Logistic Regression and How to interpret it
Posted by admin on Friday Jan 21, 2011 Under StatisticsWhen to use Simple Logistic Regression
Logistic regression is used when Yi, response variable is binary, 0 or 1.
Meaning of Response Function of binary response var
Yi = beta_0 + beta_1* Xi + ei
Considering Yi as bernoulli random variable,
P(Yi =1 ) = pi ** let’s say probability of success
P(Yi = 0 ) = 1-pi ** probability of failure
E(Yi) = 1(pi) + 0(1-pi) = pi which equals P(Yi=1)
Therefore, we can say Expected value of Yi is same as probability of Yi being 1. (p of success)
Problems with binary response variables are:
1. error term can only take two values
2. variance is dependent of Xs
How to run logistic regression in R
#upload data
dat1<-read.table(dat1.txt, sep='\t', header=T)
test.logr<-glm( result~gender, family=binomial(logit))
Let Yi=1 success and Yi=0 failure and
Let probability of success (p(Yi=1)) be 0.2 and probability of failure (p(Yi=0) be 0.8.
The odds of success is p/(1-p) = 0.2/0.8 =0.25 is 1 to 4
Basically logit is transforming the odds function using log
log(p/(1-p)) . It's monotonic transformation and it can ease the problem of restricted range.

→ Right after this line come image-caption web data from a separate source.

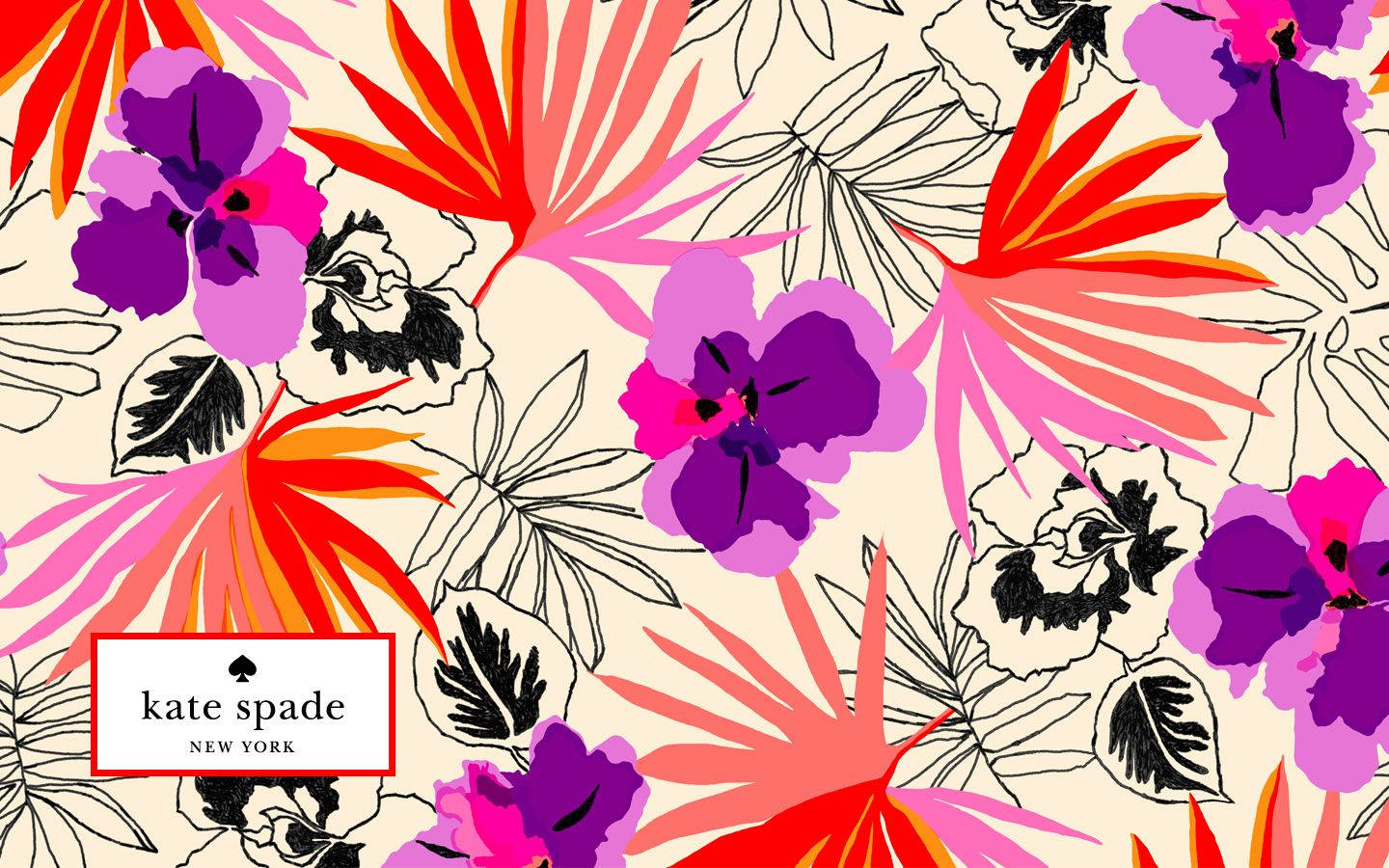 1440X900 Kate Spade Wallpaper and Background
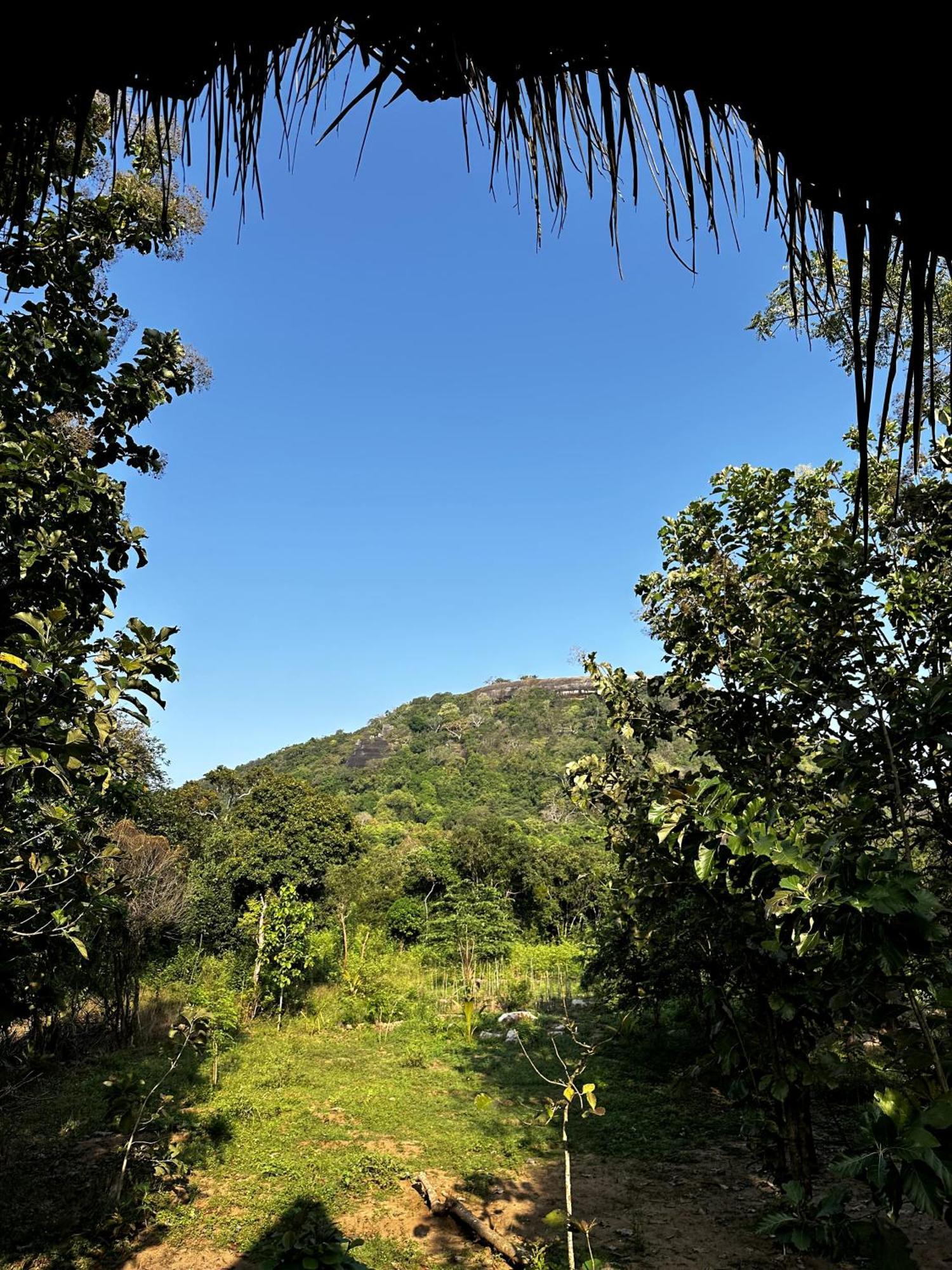 Pidurangala View Treehouse Daire Sigiriya Dış mekan fotoğraf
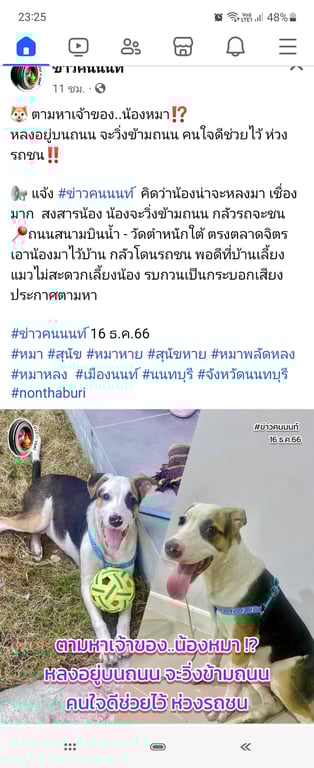 ตามหาเจ้าของหมา 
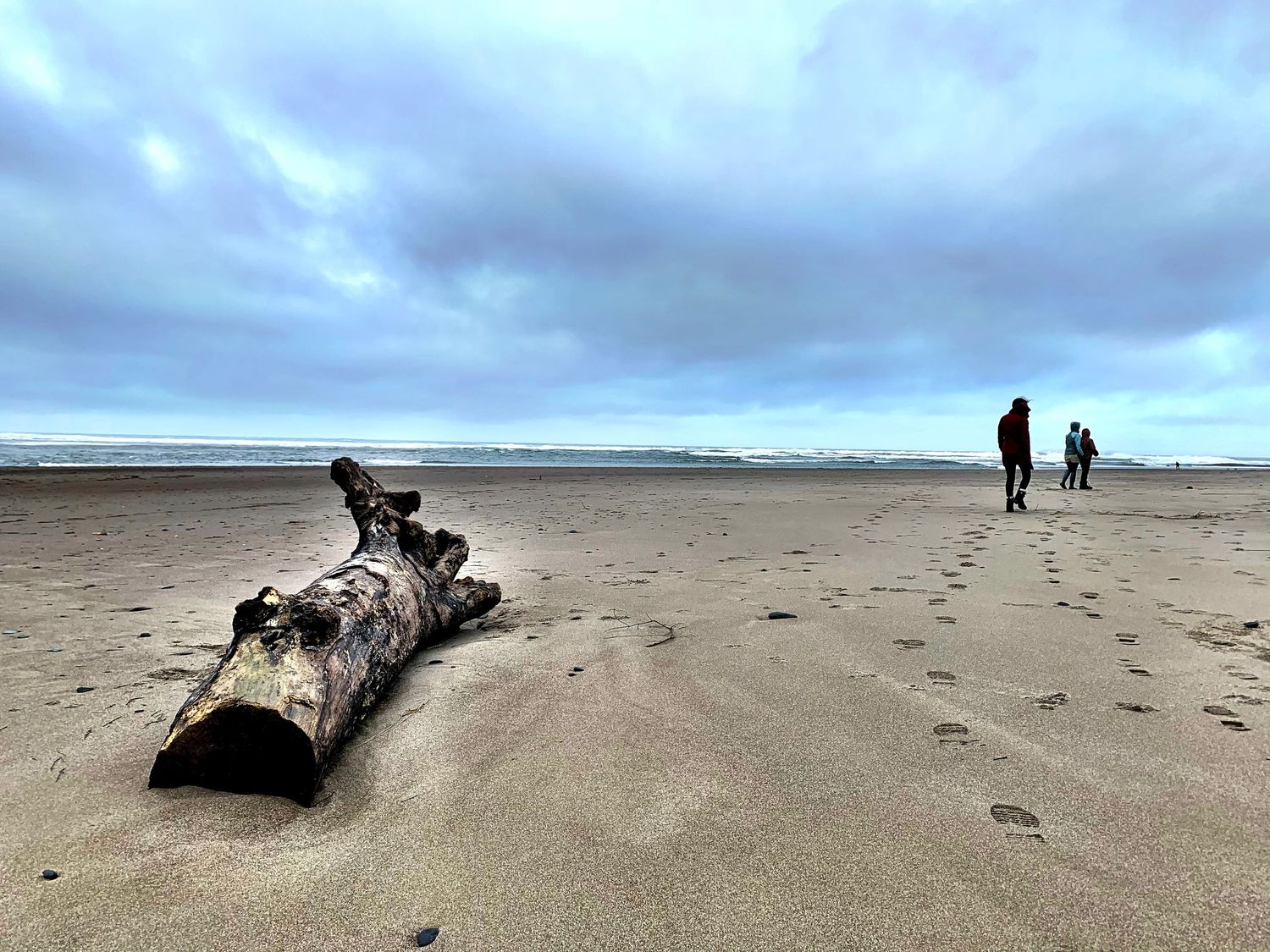 Driftwood with people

So how does logit look like?
logit(p) = log(p/(1-p)) = b0 + b1X1 + ... bkXk
p = exp(b0+b1x1 + bkxk)/(1+exp(b0+b1x1 + ... + bkxk)
How to Interpret coefficients?
logit(p) = b0 + b1(school),
where school (public =1 and private =0)
success = 0, failure = 1
private = 0 , public =1
b0 is log odds for public since we coded private =0 (baseline)
b1 = log(1.325) = Odds ratio of private to public
Let coefficients be b1 = 0.5234 and b0 = -1.23
How to interpret the coefficients?
By exponentiating b1 (that is log(1.325)), odds ratio may be calculated and it can interpreted as:
Odds for private school being successful are 33% than odds for public school.
To check, you can simply compute odds for public school and private school, then log the ratio log(1.325) then you will get b1 value.
Multiple Logistic Regression Model
It can be interpreted just like a simple logistic regression. But you interpret it as assuming that all other predictor variables are held constant.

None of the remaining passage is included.